**Task:** Using the data beneath this instruction, retype only the lines from the one that contains "Cargar imagen en" down to the one that contains "Rear view of", both included, exactly as they appear.

**Extracted information:**
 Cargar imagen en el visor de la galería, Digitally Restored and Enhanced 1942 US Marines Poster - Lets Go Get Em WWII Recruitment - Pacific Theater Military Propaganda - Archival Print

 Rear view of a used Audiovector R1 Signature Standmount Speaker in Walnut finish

* * *

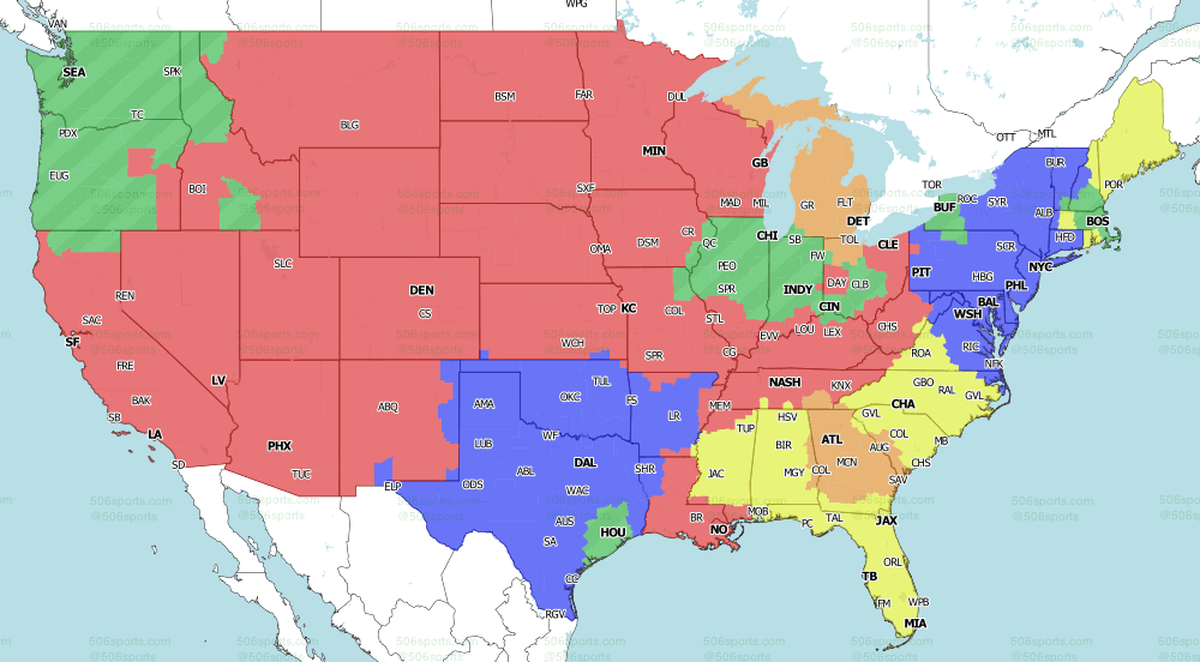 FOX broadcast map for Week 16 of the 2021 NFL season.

**Solution to the problem:**
 Cargar imagen en el visor de la galería, Digitally Restored and Enhanced 1942 US Marines Poster - Lets Go Get Em WWII Recruitment - Pacific Theater Military Propaganda - Archival Print

 Rear view of a used Audiovector R1 Signature Standmount Speaker in Walnut finish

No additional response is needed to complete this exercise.